Like most women, I’m on a perpetual search for ways to stay in shape. Sitting at a desk all day and doing everything in your power to avoid the box of donuts in the breakroom can certainly be mentally exhausting, but in the end we all need to find something that keeps us physically active – and the walk to and from the train doesn’t exactly cut it.
My exercise of choice over the last few years has been running – mostly so I can eat the pints of Graeter’s ice cream lined up inside my freezer door – but also because I can do it almost anywhere, it doesn’t require an expensive membership fee and I truly do feel a sense of freedom and calm when it’s just me and the pavement. I have even dabbled in some long-distance races, and last winter (in a moment of weakness) I reluctantly agreed to run a Marathon with one of my friends. And so the training began. As anyone that has ever run a marathon knows, some of the training runs can last for 3-4 hours and it’s very easy to lose track of your pace per mile, how far you’ve actually run and most importantly, how much farther you still have to go. Being able to track my progress turned the run into a journey with an end and allowed me to set specific goals in regard to pace and distance. Since I’m always on the lookout for “an app for that”, the week before our training runs commenced I decided to check the App Store for something that could potentially help with all of this.

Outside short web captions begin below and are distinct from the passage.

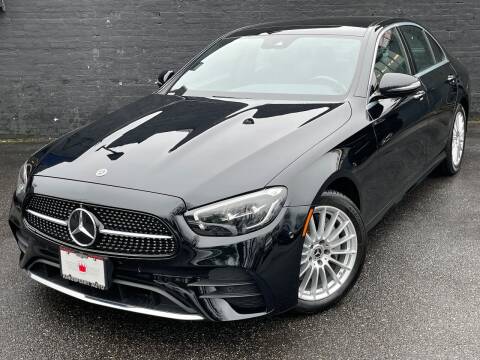 2021 Mercedes-Benz E-Class for sale at Kings Point Auto in Great Neck NY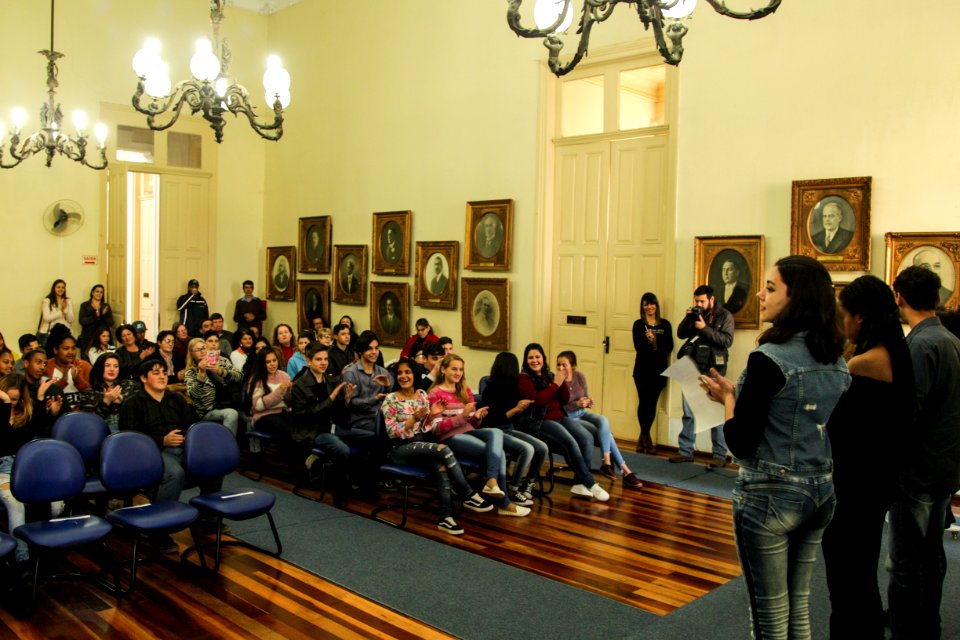 04.09.2018 - Formatura das três primeiras turmas do START - Foto: Gustavo Vara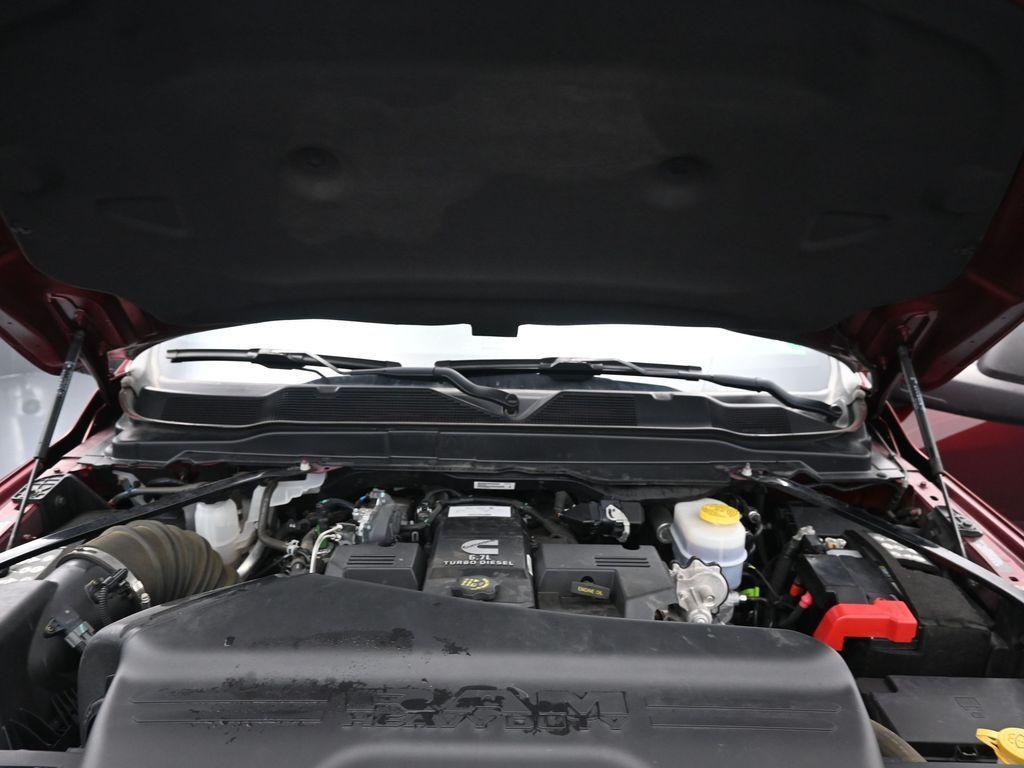 used 2023 Ram 2500 car, priced at $51,998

I tried a couple of different options, but the app that ultimately won a place on my homescreen is called Endomondo.
How We Use It
Endomondo is a sports/fitness tracker that uses your phone’s built-in GPS to track a workout in any number of activities. Options range from the most common activities like running and biking – to things like skiing, tennis and orienteering (super common, I’m sure). But you get the idea – lots of variety here. There is a “Free” version and a “Pro” version ($4) of the app – the latter gives you a few more advanced features but I opted for the Free version and it met all of my needs.
Another unique aspect of Endomondo is the social dimension of the app. I haven’t used the social features extensively, but my Mom shares her workouts with me (most likely completely unintentionally). I guess it’s a nice option to have if you’re into that sort of thing and want to brag about your latest Saturday morning training session and make your friends feel bad as they check Facebook in between bites of their overindulgent brunch. In return, your friends can follow your workout live and if they think you’re in need of a little extra motivation they can send you pep-talks that are read aloud to you in real time. I’ve made a note to harass my Mom with this in the very near future.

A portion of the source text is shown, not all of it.